A block represents a piece of functionality. They all have direct access to the entire database schema. It’s a free for all. Any piece of functionality can access anything in the database. If the database was a relational database, this means all the tables. If you were using a document store, this could be all the collections. If you were using an Event Store, this is all the different event streams. Regardless of the database type, it’s free for all data access without data abstraction.
Does this sound like a nightmare? It would be. Because if you did need to change your underlying database technology, you’d have to go to every place that is doing data access and potentially rewrite it completely or modify it to work with the new database. This is much more involved if you change the database from relational to non-relational.
What’s most people’s answer to this problem? Abstraction. Create some layer of abstraction for your database to provide all the database access logic.
This could be a data access layer, using the repository pattern, or maybe just an ORM. Your application code and features then rely on this abstraction rather than coupling with the database directly.

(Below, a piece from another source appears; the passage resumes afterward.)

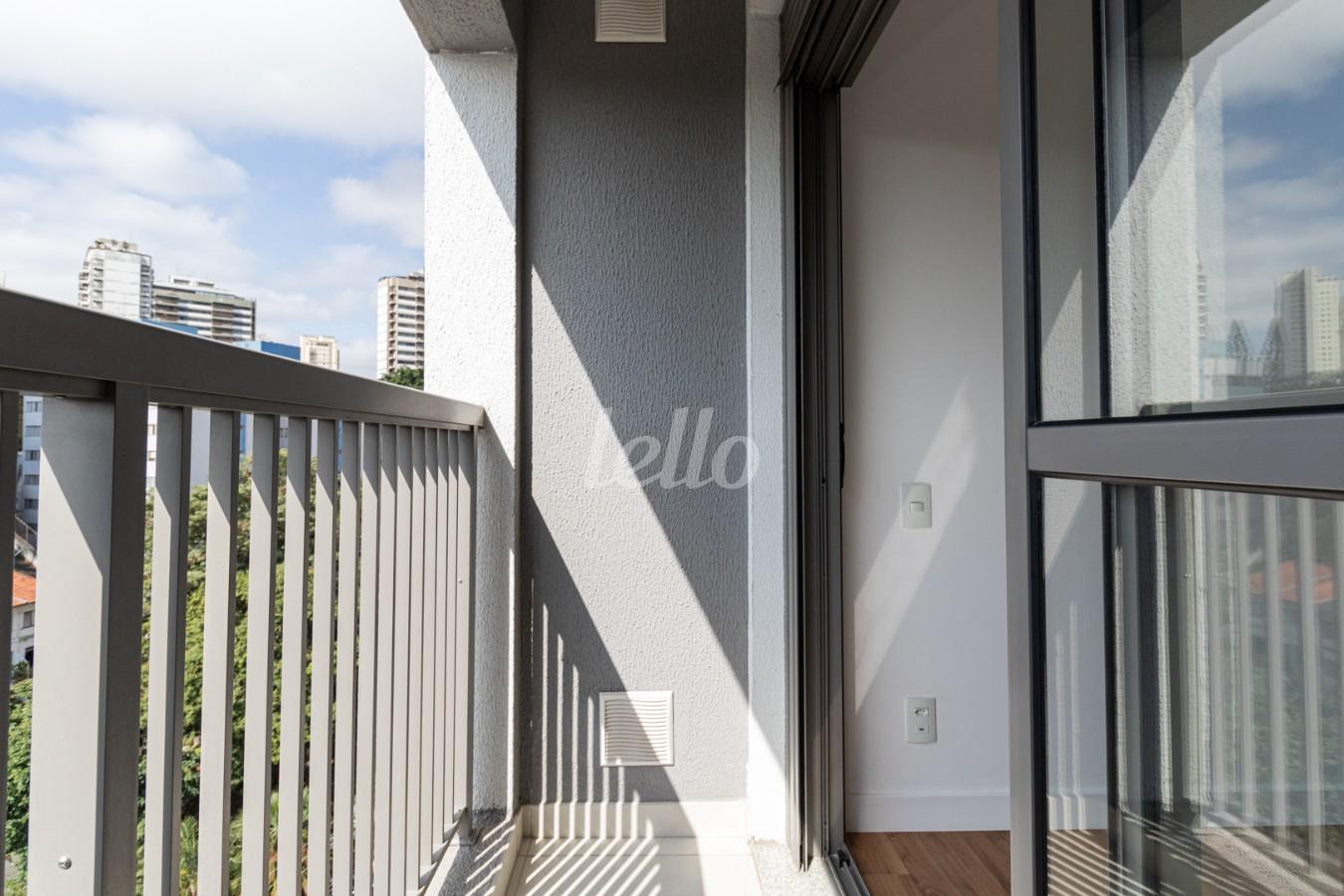 SUITE 2 de Apartamento para alugar, Padrão com 76 m², 2 quartos e 1 vaga em Vila Anglo Brasileira - São Paulo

So now, if we need to change the database, we’re rewriting the data access abstraction that we created, and all of our application code, in theory, should stay the same.
Coupling & Cohesion
While adding the abstraction can be helpful, I don’t think that’s the right way to look at the problem. The root of the problem is a coupling. There is a high degree of application code that relies on the database.
While this is true, not all features within the application require access to the same data within the database.
If we’re talking about a relational database, not everything in our system needs access to all the tables. Certain pieces of functionality require access to a certain set of tables.
To reduce coupling, we need to look at cohesion. What functionality in our system requires what data? We should then group this functionality.
Start segregating functionality by related features working on the same subset of data. Again, not all features need to access the same large schema/data. Define boundaries over data ownership.
Once you start defining boundaries and grouping functionality, you’ll soon realize that each grouping might be able to define how they handle data access. This means that for some sets of features, you decide to use a specific ORM, while for others, you do direct data access without much abstraction.
You’ve reduced coupling by increasing cohesion. This allows you to decide how you want to perform data access per set of features.
There is no more free-for-all of data access. Each set of features only access parts of the database it owns. One set of features should not access the data owned by another set of features.
You might start to see now that each feature set can also decide how data is persisted in which type of database. Maybe some feature sets use a relational database, while others use an event store. You can make these localized decisions per feature set (boundary)
Since the entire application/system is now split and grouped into boundaries defined by functionality and data ownership, you don’t have free-for-all of data access. Often you do need to query other boundaries to get reference data. In the free-for-all scenario, you simply query the database to get that data. However, now you must expose an API that other boundaries can consume, like a contract.
This can be an interface, delegate, function, etc., in which you’re coupling between boundaries. However, the data returned from this API isn’t mutable. It’s purely used as reference data. All state changes to any data must occur within the boundary that owns the data.
Data Access Layer
This has nothing to do with creating a data access layer or abstracting data access. It has everything to do with coupling and cohesion. If you limit coupling and prevent integration at the database (as in data access free-for-all), then needing to change the underlying database is a matter of changing a narrow set of features within a boundary.
Will you change your underlying database? It doesn’t matter. A high degree of coupling will make any change difficult in a large system. Defining boundaries by functional cohesion and limiting coupling will allow a system to evolve.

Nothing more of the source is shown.